Saved data entries:
=== Section Start ===
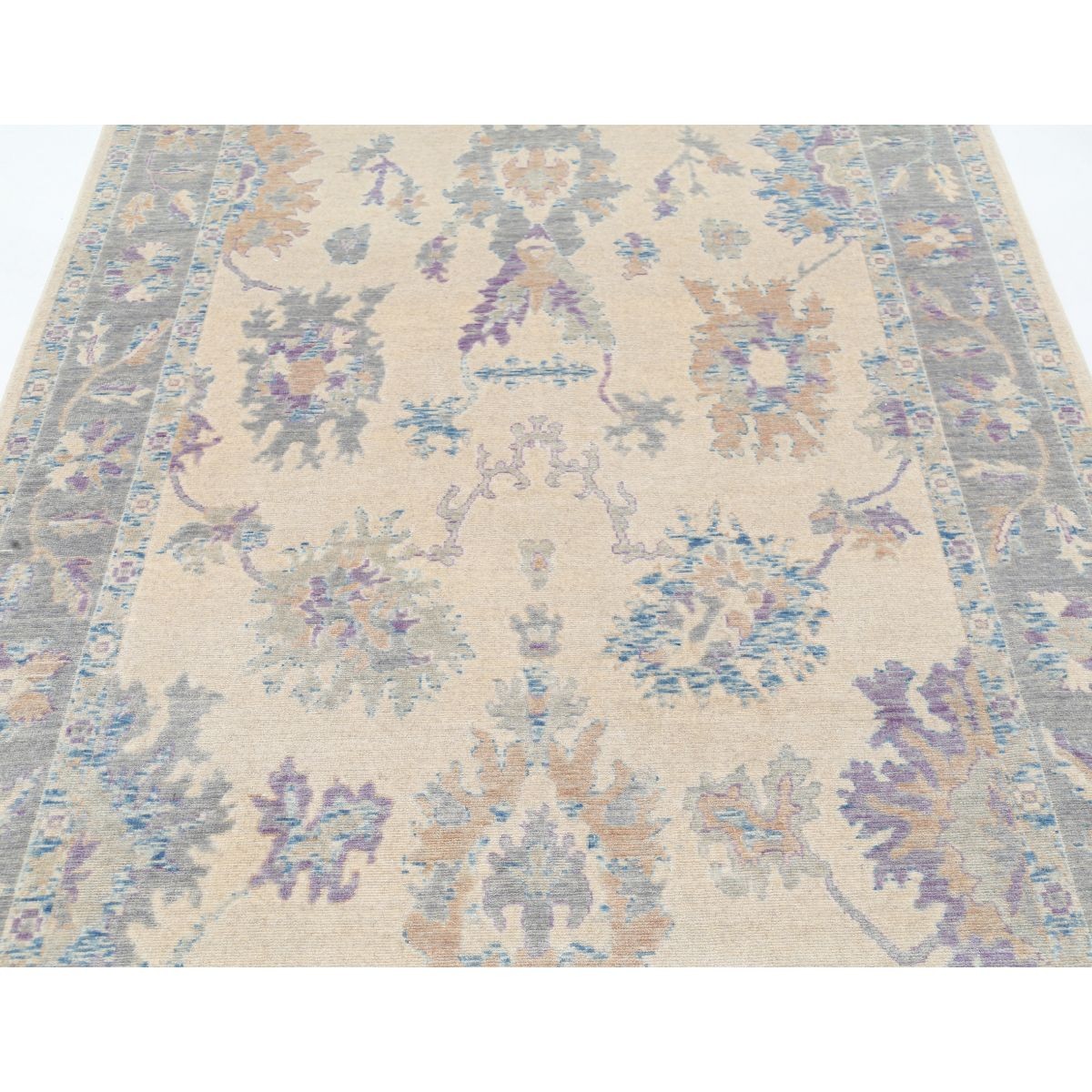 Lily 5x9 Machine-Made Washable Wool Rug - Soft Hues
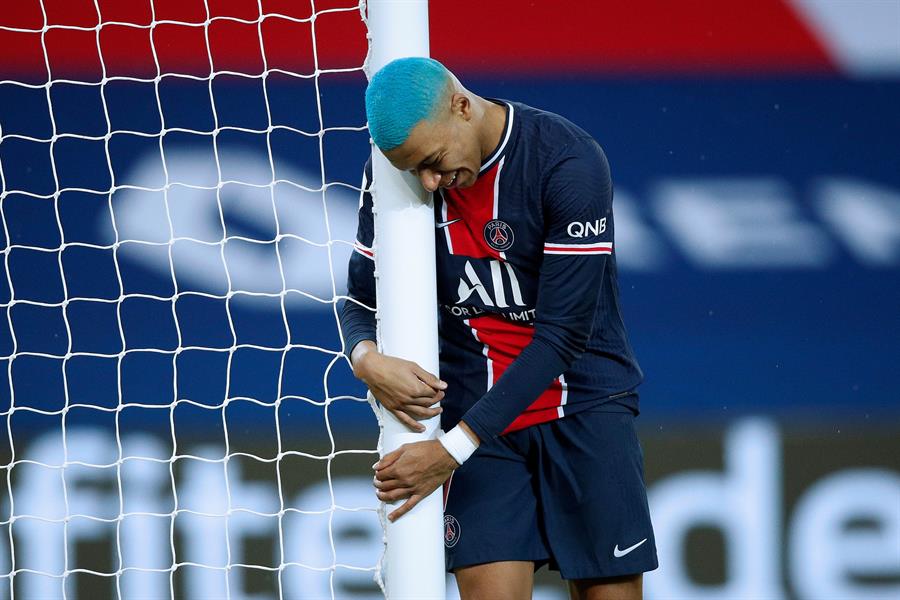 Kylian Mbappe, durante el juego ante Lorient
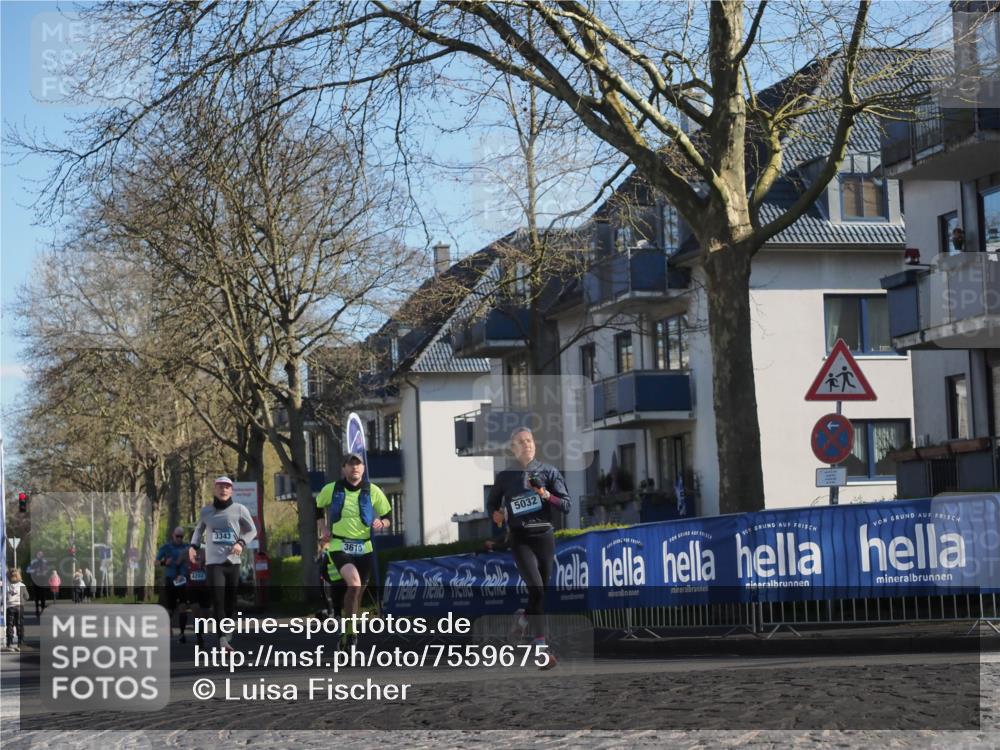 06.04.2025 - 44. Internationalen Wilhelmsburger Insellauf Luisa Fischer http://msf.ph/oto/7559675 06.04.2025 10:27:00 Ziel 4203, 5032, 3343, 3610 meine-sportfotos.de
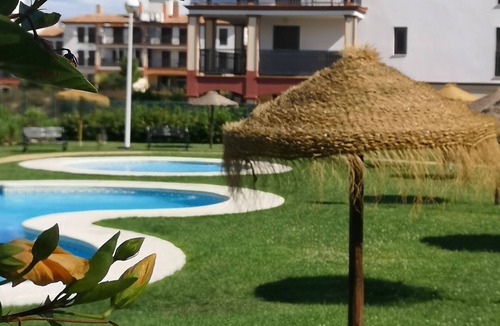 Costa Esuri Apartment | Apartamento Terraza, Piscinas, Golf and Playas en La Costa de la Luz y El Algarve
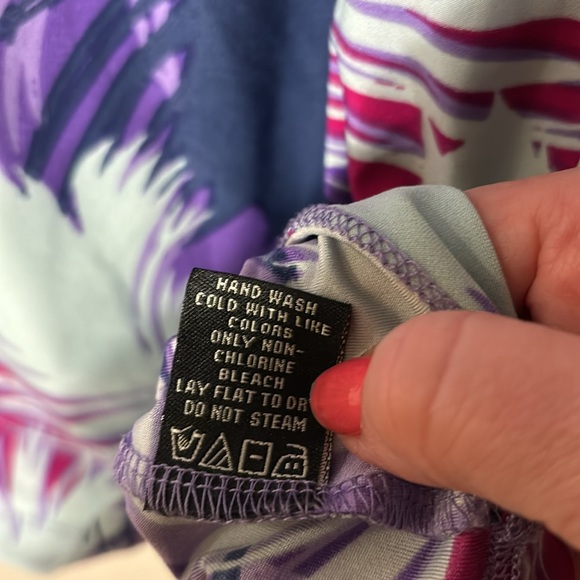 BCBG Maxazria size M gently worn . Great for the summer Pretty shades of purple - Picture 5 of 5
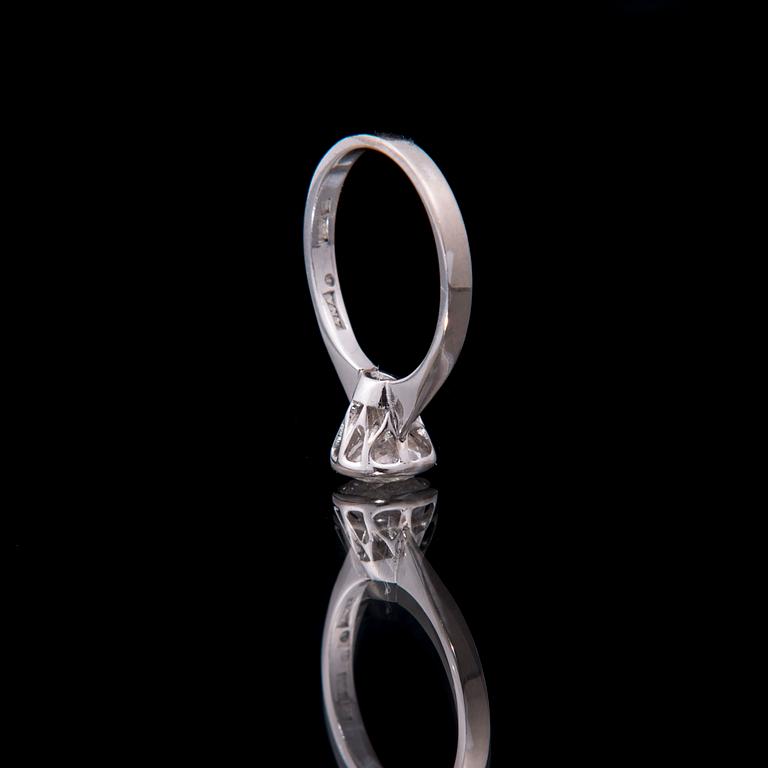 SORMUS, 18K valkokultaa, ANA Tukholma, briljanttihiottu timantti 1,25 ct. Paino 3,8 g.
=== Section End ===
ASSIGNMENT:
Pictures must be left out. Repeat exactly the lines from the one containing "BCBG Maxazria size" through the final line of the data.

ANSWER TO THE PROBLEM:
 BCBG Maxazria size M gently worn . Great for the summer Pretty shades of purple - Picture 5 of 5
 SORMUS, 18K valkokultaa, ANA Tukholma, briljanttihiottu timantti 1,25 ct. Paino 3,8 g.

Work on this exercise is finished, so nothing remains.